| Exercise |
Your answer must be the exact lines of the listing below that run from the line with "Visualizing results is" to the line with "There's nothing to", ends included, and no pictures.

Supplied records: Begin

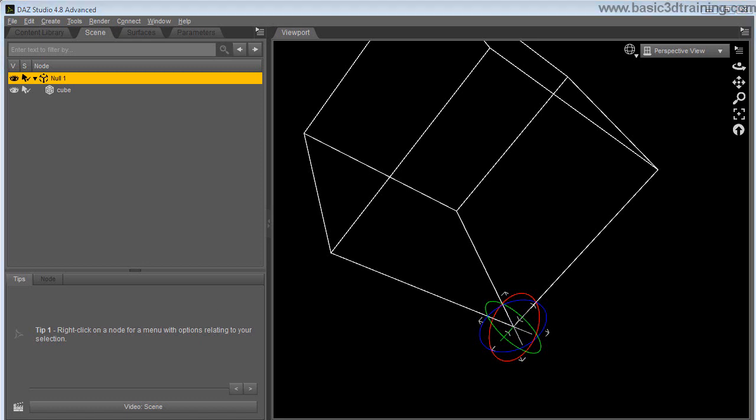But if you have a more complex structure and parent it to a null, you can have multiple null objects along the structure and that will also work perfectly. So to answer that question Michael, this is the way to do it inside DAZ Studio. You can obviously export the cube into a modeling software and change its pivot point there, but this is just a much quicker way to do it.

Supplied records: End
Supplied records: Begin

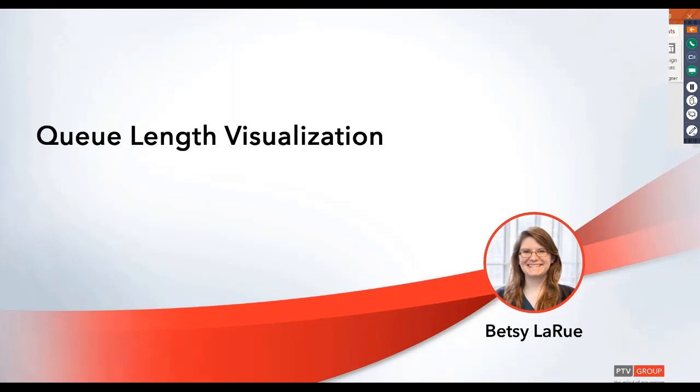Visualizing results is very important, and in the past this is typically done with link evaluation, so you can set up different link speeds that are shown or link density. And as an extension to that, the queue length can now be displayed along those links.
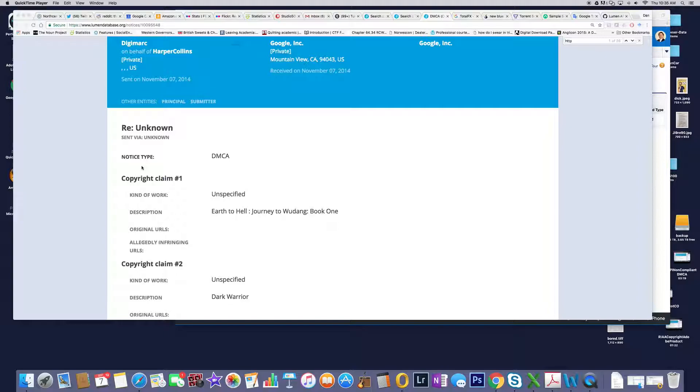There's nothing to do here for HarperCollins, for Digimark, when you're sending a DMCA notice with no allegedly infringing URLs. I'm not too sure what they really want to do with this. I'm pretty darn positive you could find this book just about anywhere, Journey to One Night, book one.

Supplied records: End

| Result of this exercise |
Visualizing results is very important, and in the past this is typically done with link evaluation, so you can set up different link speeds that are shown or link density. And as an extension to that, the queue length can now be displayed along those links.
There's nothing to do here for HarperCollins, for Digimark, when you're sending a DMCA notice with no allegedly infringing URLs. I'm not too sure what they really want to do with this. I'm pretty darn positive you could find this book just about anywhere, Journey to One Night, book one.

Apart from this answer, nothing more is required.